Thanks, Adam. I appreciate the additional data. I note in the study on women objectifying other women that the researchers found that the incidence of woman to woman objectification was less than men to women objectification. I also note, they say self-objectification happens less than woman to woman objectification. Which is quite interesting.
All the research I’ve seen though, including the articles you include, say objectification has negative outcomes, EXCEPT, as the one study I mention in the article points out, in trusting relationships. So, your point that it’s really about the who and when is well-taken.

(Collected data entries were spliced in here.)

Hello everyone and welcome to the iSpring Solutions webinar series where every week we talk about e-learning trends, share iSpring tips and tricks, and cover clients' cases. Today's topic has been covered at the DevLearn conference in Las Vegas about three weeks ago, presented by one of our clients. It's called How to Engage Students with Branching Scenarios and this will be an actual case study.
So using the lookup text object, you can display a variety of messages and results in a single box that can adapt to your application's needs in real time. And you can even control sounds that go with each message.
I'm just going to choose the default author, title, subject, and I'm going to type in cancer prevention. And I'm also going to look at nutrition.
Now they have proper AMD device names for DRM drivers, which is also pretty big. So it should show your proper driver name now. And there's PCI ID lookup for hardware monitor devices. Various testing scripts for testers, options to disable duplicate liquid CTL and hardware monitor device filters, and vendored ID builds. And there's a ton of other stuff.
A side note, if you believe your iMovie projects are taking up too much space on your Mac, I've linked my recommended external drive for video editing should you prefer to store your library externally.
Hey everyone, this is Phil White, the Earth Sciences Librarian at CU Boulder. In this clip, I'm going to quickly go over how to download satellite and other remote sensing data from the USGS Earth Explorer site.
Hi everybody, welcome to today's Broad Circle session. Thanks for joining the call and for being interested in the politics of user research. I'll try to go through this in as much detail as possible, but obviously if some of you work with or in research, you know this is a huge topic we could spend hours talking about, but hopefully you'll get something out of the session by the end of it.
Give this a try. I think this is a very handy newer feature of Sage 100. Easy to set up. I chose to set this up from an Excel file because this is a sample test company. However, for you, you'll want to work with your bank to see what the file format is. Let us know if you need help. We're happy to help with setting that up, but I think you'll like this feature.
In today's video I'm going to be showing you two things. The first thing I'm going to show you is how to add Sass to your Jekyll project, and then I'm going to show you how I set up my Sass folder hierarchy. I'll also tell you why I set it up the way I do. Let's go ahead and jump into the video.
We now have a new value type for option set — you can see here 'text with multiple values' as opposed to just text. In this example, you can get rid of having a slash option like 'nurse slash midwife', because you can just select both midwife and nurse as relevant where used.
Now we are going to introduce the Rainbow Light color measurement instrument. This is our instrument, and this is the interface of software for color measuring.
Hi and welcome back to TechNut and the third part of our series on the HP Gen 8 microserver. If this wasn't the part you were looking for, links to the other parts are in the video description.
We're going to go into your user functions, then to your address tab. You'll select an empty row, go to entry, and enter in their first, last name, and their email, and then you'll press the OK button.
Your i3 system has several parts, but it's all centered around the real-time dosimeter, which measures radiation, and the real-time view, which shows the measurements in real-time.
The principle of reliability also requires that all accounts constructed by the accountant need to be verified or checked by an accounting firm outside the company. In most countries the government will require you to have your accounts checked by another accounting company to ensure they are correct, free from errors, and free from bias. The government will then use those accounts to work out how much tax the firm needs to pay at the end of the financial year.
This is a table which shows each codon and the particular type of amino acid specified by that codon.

I find it difficult to say people ‘want’ to be objectified in general though, or that the problem isn’t objectification. I think people want to be admired and respected. But admiring someone for how they look is very different from objectifying him or her. Objectifying reducing a person to a part. Admiring someone’s body part isn’t the same as objectifying him or her. I don’t think objectification in all situations is always bad. But, I think we should be very very thoughtful of when it’s appropriate and when it’s just dehumanizing.
Certainly, objectification isn’t the ONLY problem with negative body issues or sex-related violence, or an appearance-obsessed world, but it seems clear based on the overwhelming evidence that it’s a piece of the puzzle.
I think saying in general we all ‘want’ to be objectified is like saying we all ‘want’ to eat junk food all the time. Sure, there are those that do. But, one can’t live on that kind of stuff and expect it to lead to health and happiness.
I sincerely appreciate the opportunity to exchange ideas with you. Thank you for taking the time. We might not agree — but I value the conversation.